Velasquez, que falou por meio de assessoria com a reportagem, destacou ainda que países como Botsuana, Ruanda, República Unida da Tanzânia e Zimbábue, no continente africano, o mais afetado pela pandemia de Aids, já atingiram as três metas 95-95-95 da OMS para o objetivo de 2030.
“Isso significa que, nestes países, 95% das pessoas que vivem com HIV conhecem seu status sorológico; 95% das pessoas que sabem que vivem com HIV estão em tratamento antirretroviral; e 95% das pessoas em tratamento estão com a carga viral suprimida”, afirma a diretora.
No Brasil, conforme relatório da Unaids de 2023, apenas a meta da supressão viral foi atingida. Além disso, 91% das pessoas vivendo com HIV conhecem o próprio status sorológico e 81% têm acesso a tratamento.
Para o infectologista Bernardo Porto Maia, o sistema de saúde como um todo precisa se organizar para conseguir viabilizar um diagnóstico precoce, com testagem facilitada, sem preconceito, e acessível para as populações-chave, como pessoas privadas de liberdade, transexuais e homens que fazem sexo com outros homens.
“Outro grupo que tem se mostrado mais vulnerável, por exemplo, é o de pessoas com idades de 15 a 24 anos, no qual a gente ainda tem um aumento no número de novas infecções. Existe ainda um recorte racial, infelizmente. Tivemos uma redução na mortalidade por Aids, de 2010 até 2020, de 29,9%, porém mais de 60% desses óbitos foram restritos à população negra no nosso país”, diz Maia.
Alguns avanços importantes também foram registrados no país, contudo. A recente incorporação pelo SUS em 2023 das substâncias dolutegravir de 50 miligramas e lamivudina de 300 miligramas em uma única dose deve fazer bastante diferença. “Esse novo medicamento é mais uma possibilidade de aumentar a adesão ao tratamento, pois é uma simplificação do existente, além de evitar efeitos colaterais e manter a carga viral controlada”, afirma Velasquez.
A adoção neste ano de novas diretrizes públicas de saúde também deve trazer melhorias. “Várias mudanças foram incorporadas na atualização do Protocolo Clínico e Diretrizes Terapêuticas, o PCDT. O documento foi dividido em três módulos —Tratamento, Coinfecções e infecções oportunistas e Comorbidades— e, pela primeira vez, traz a informação que pessoas com carga viral indetectável não transmitem o vírus por via sexual”, afirma a diretora do Unaids Brasil.
A publicação recente de novas estratégias de profilaxia pré-exposição (PrEP) em modelo injetável de longa duração (a cada dois meses) é outra novidade que acaba de ser liberada no Brasil. “Já tem a aprovação dessa medicação, está em fase de implementação no sistema público de saúde, substituindo a ingestão diária de comprimidos da PrEP e com uma eficácia ainda maior na proteção contra a infecção por HIV”, afirma Maia.

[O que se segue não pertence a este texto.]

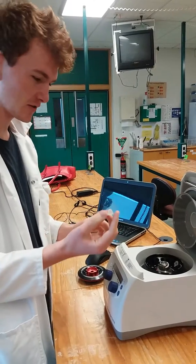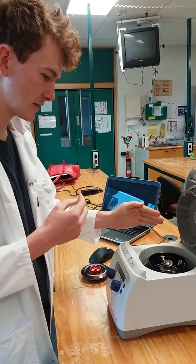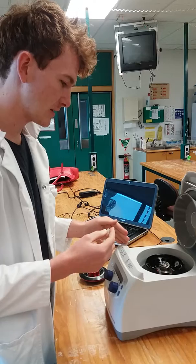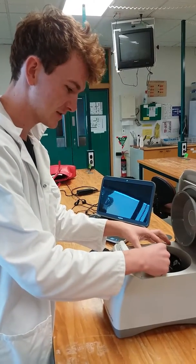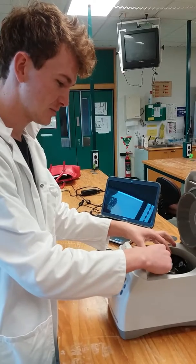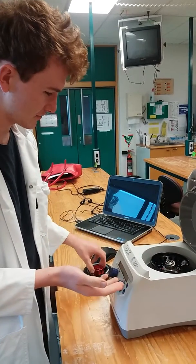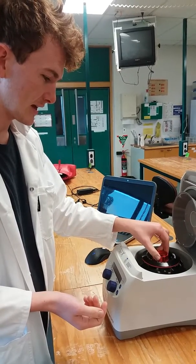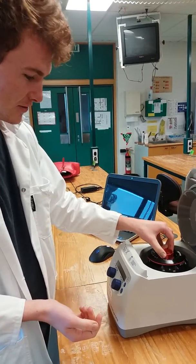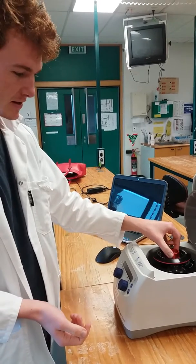You pop your samples in so that they're balanced on either side, and then you turn it on and it makes a whirring sound and spins really, really fast and pushes all the pollen to the bottom of the little sample tube that I've got. Then I can decant the excess ethanol off and then I've got a nice little pollen pellet to analyze at the bottom.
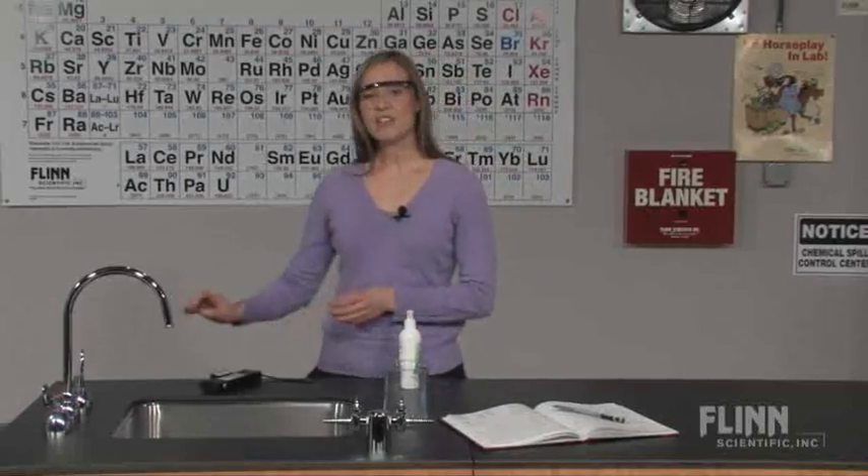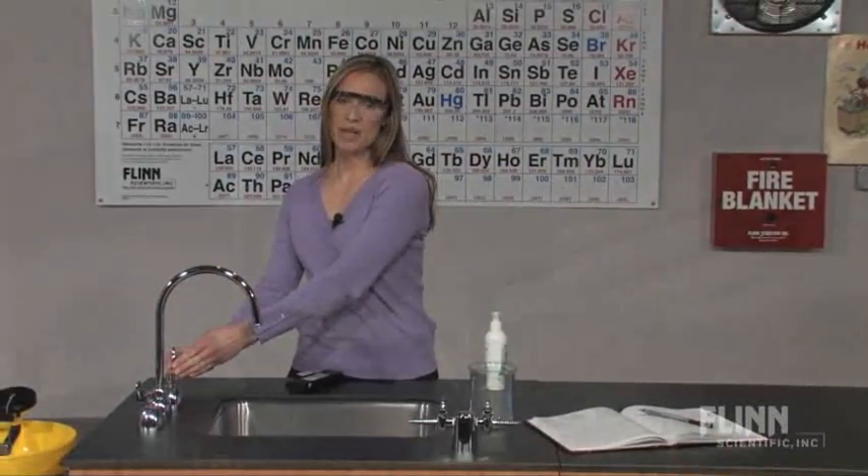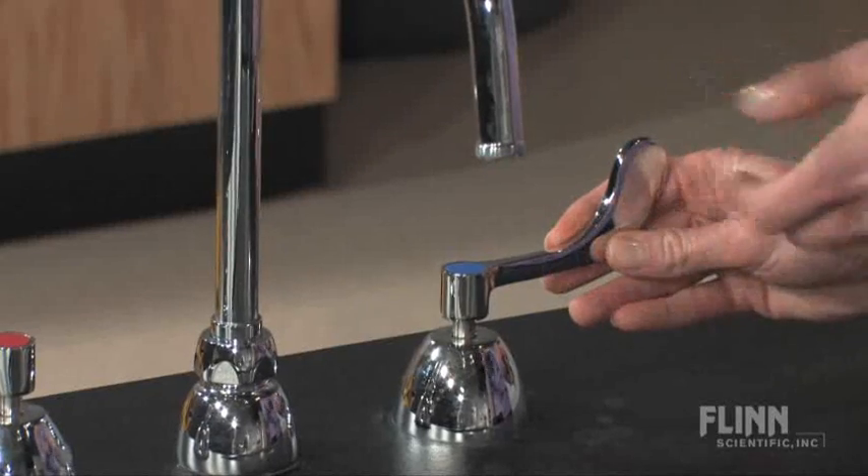The only extra thing you need for this activity is a UV lamp. Just before students arrive in class, place a small amount of Glowing Germ Lotion on something in the classroom that many students will touch, like a faucet.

O médico lembra ainda que o campo de estudos sobre a Aids é crescente, indo da busca da cura por uma vacina global até soluções para transplantes de imunossuprimidos.”A gente conta também com estudos de prevenção não pautados em vacina, como a PrEP ainda mais longa, para antirretrovirais subcutâneos com duração de 6 meses, para tentar facilitar a adesão [ao tratamento] e reduzir o número de novos casos de HIV”, diz o médico.